An environmental group sought to spread awareness on four species of pigs endemic to the Philippines considered threatened, following the arrival of the Year of the Pig.
The Biodiversity Conservation Society of the Philippines posted an infographic on Facebook that tells the state of the Palawan bearded pig, the Mindoro warty pig, the Visayan warty pig and the Philippine warty pig, according to the International Union for Conservation of Nature.
Gong Xi Fa Cai! Kung Hei Fat Choi!This Year of the Pig, send some good fortune to our endemic wild pigs! Yes, we…
It introduced the four wild pigs that have dwindling populations caused by deforestation and hunting.
“Their populations have been dwindling due to deforestation and hunting pressure, and they need more protection. Genuine wealth and prosperity can only be possible if our natural wealth gets to prosper as well. Happy Year of the Pig!” the group said.
Last January, the common tawilis or freshwater sardine was reported endangered based on the 2017 assessment of the IUCN.
The organization cited over-fishing and pollution as the main reasons for the rapid decline of its population.
The IUCN classifies species at risk of global extinction into nine categories: Not Evaluated, Data Deficient, Least Concern, Near Threatened, Vulnerable, Endangered, Critically Endangered, and Extinct in the Wild and Extinct.
“Near threatened” describes species that are likely to be threatened in the future while “vulnerable” describes species considered to be facing a high risk of being extinct in the wild.
“Critically endangered” describes species that are at extremely high risk of being extinct in the wild.
The CNN Philippines Life recently reported at least 44 endemic or resident species of floral and fauna in the country that are assessed as at risk of being wiped out.
Palawan bearded pig
The Palawan bearded pig or sus ahoenobarbus is commonly found in the forests of Palawan, specifically within Mantalingahan, Victoria/Anepahan and Pagdanan Mountain Ranges.
The main threats seen are residential and commercial development, hunting, wood harvesting, agriculture and aquaculture, based on the assessment on June 11, 2016.
Oliver’s warty pig
The Oliver’s warty pig or sus oliveri is endemic to Mindoro’s forests and savannah grasslands.
The main threats seen for its decline in population are hunting and destruction of its forest habitats, based on the assessment on November 1, 2015.
Visayan warty pig
The Visayan warty pig or sus cebifrons is mostly found within the islands of West Visayas.

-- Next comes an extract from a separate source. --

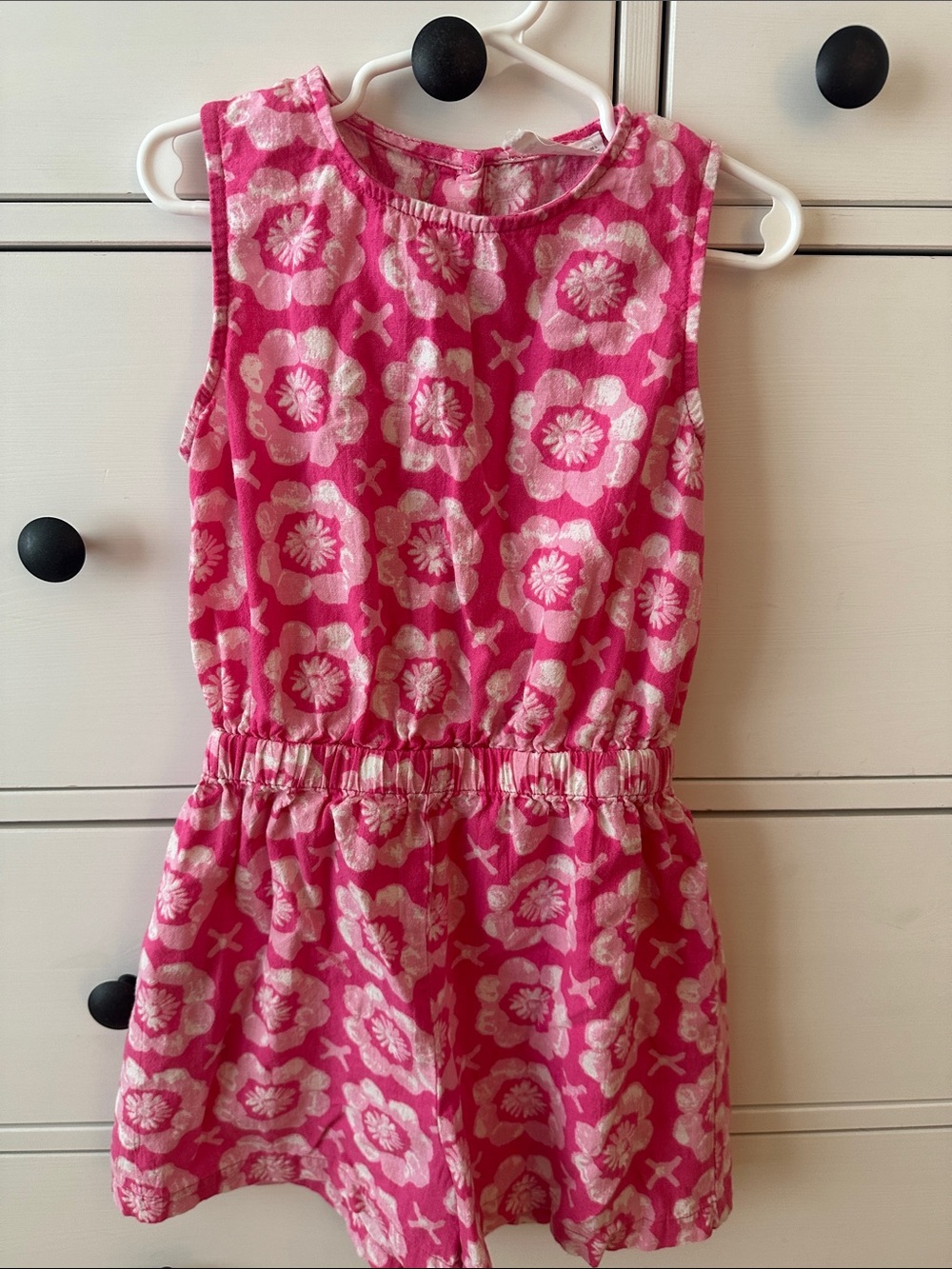 Girls' Pink Floral Romper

Its population is now fragmented in the provinces of Negros and Panay. IUCN is not certain if there are a few left in Masbate.
The main threats are illegal logging, agricultural expansion, residential and commercial development and hunting, based on the assessment on June 11, 2016.
Philippine warty pig
The Philippine warty pig or sus philippensis is common at the Balbalasang National Park in Kalinga.
The remaining populations of these pigs are widely fragmented, the IUCN said, and may even be extinct in some provinces.
Widespread commercial logging and agricultural expansion are seen as the main threats based on the assessment on June 11, 2016.